Sonntag, 10. Juni 2018

"Mein Herz in zwei Welten"

Als ich diesen Buchtitel las, ein weiteres Geschenk dieser Tage, da war ich zunächst überrascht, dass überhaupt ein dritter Teil zu dieser Geschichte herausgegeben worden war. Schon im ersten Teil - "Ein ganzes halbes Jahr" - dachte ich: Ich finde mich selbst in jeder Zeile wieder.
Der zweite Gedanke war, dass dieser Buchtitel irgendwie auch mich beschreibt... "Mein Herz in zwei Welten"... weil ich hier lebe, am Fuße des Berges, und nicht am Meer, für das mein Herz eigentlich schlägt..

Wieder zurück von Innsbruck, von wundervollen entspannten drei Tagen, die mich daran erinnerten, wie schön es ist, seinen Geburtstag irgendwo an einem Ort seiner Wahl, jedoch nicht daheim zu verbringen..

An denen ich es genossen habe, in Straßencafes leckere Sahne vom Kuchen des Mannes zu naschen ("Warte, ich koste mal, ob die noch gut ist... hmm... Moment, ich bin nicht sicher, lass mich noch mal" und er zunächst sein Stück Kuchen versteckte, bevor er versuchte, mit seiner Gabel mein Stück zu klauen - seht Euch nur den Kuchendeckel an, wie tapfer ich seine zahlreichen Diebstahlversuche abwehren konnte ;))..

Kein Stress mit Kochen, Backen für andere, sondern nur man selbst und das, worauf man selber Lust hat.
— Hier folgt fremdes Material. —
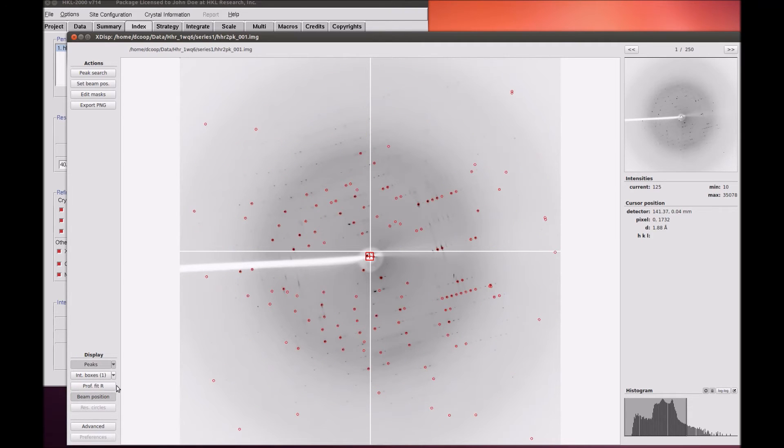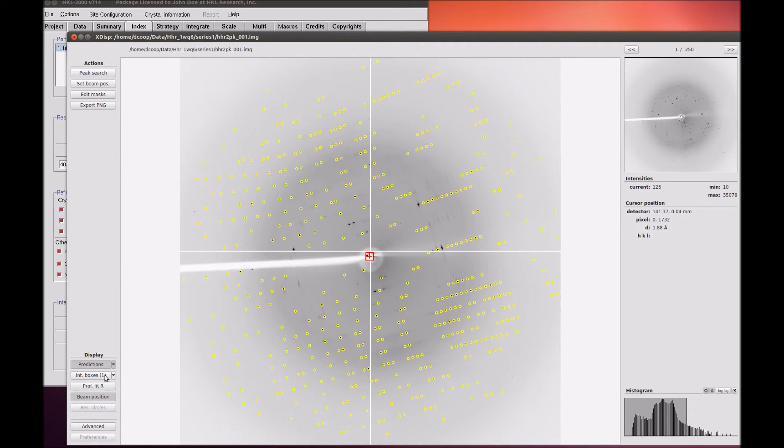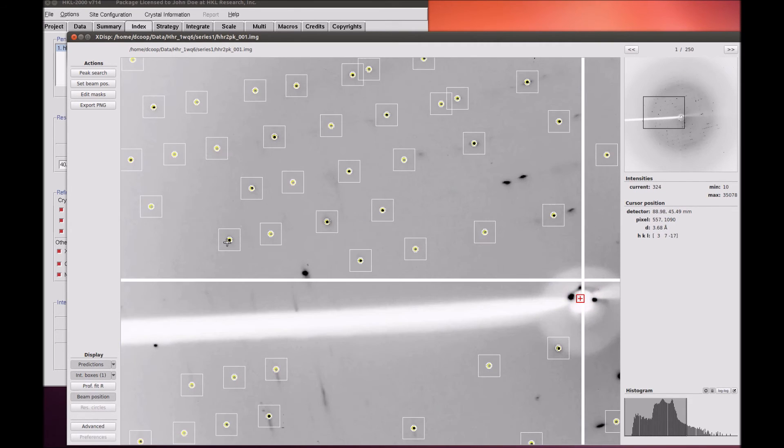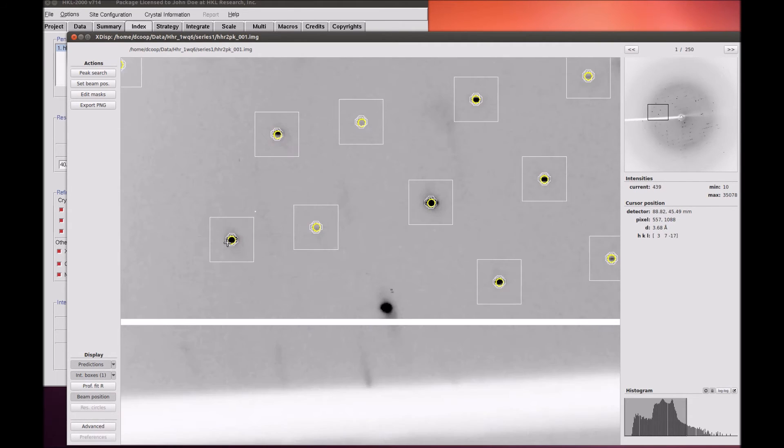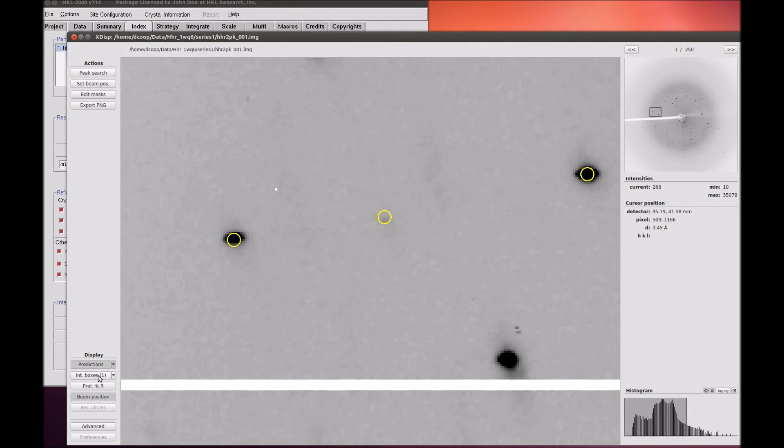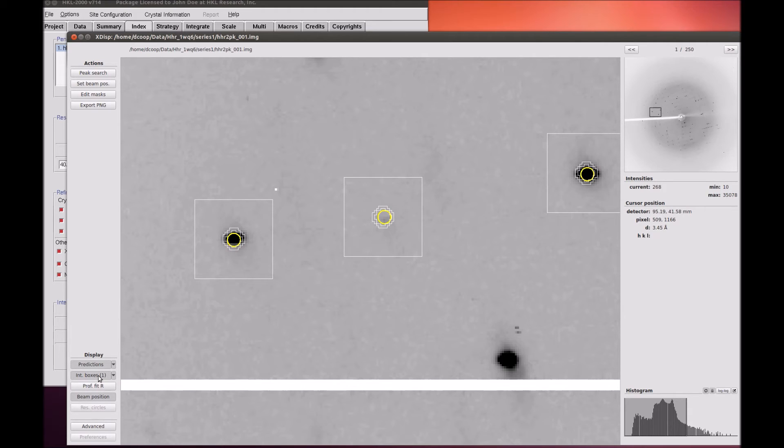Integration boxes is also a toggle that will turn on and off the boxes that show the peak and box size. These can only be seen if you are zoomed in close enough. Pixels inside the inner circle are recorded as the peak. Pixels between the two circles are the guard region and are not used. Pixels between the box edge and the outer circle are used to calculate the background for the reflection.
Alles können, nichts müssen...




morgens nach dem Erwachen
aus dem Lesestuhl auf der Terrasse
           
..wo die Tage heiß und die Nächte lau waren, das Gewitter sich täglich über den Kämmen zusammenzuziehen versuchte und dann doch unverrichteter Dinge wieder abzog..
(Unser Zimmer war eines der wenigen, die eine kleine Terrasse besitzen - und ich muss sicherlich nicht extra hinzufügen, wie unendlich ich den Sektabend dort oben genoss, während etwa fünf, sechs Fenster weiter ein Mann sich am weit geöffneten Fenster eisern auf dem Laufband quälte. Ich habe für ihn ein Glas mitgetrunken!)


..wo der Milchkaffee herrlich lecker, aber auch ziemlich stark ist und von wirklich freundlichem, höflichem Personal angeboten und gereicht wird ("Wenn Sie auch etwas essen wollen, muss ich Sie darauf hinweisen, dass die Küche erst 18 Uhr öffnet. Der Koch ist aber meist eine Viertelstunde eher da, Sie sind dann gleich die ersten, die bedient werden." - und sie haben auch Wort gehalten ;))
Überhaupt war das Essen in Österreich wunderbar lecker. Ich bin ja eh nicht so ein Freak, der ins beste und nobelste oder angesagteste Lokal der Stadt muss - für mich machte es das Stück Rhabarberkuchen von einem Marktstand am Inn, lümmelnd im Liegestuhl, eine Tasse Kaffee dazu - und ich sag Euch, ich hab jeden einzelnen Bissen aber sowas von genossen!
"Der Kuchen ist von dem Bauernstand dort", zeigte der Mann, "die mit dem selbst gemachten Joghurt im Glas."
Darauf konnte ich gar nicht antworten, weil ich die Augen geschlossen hatte, um mir jedes einzelne Gabelstück buchstäblich auf der Zunge zergehen zu lassen.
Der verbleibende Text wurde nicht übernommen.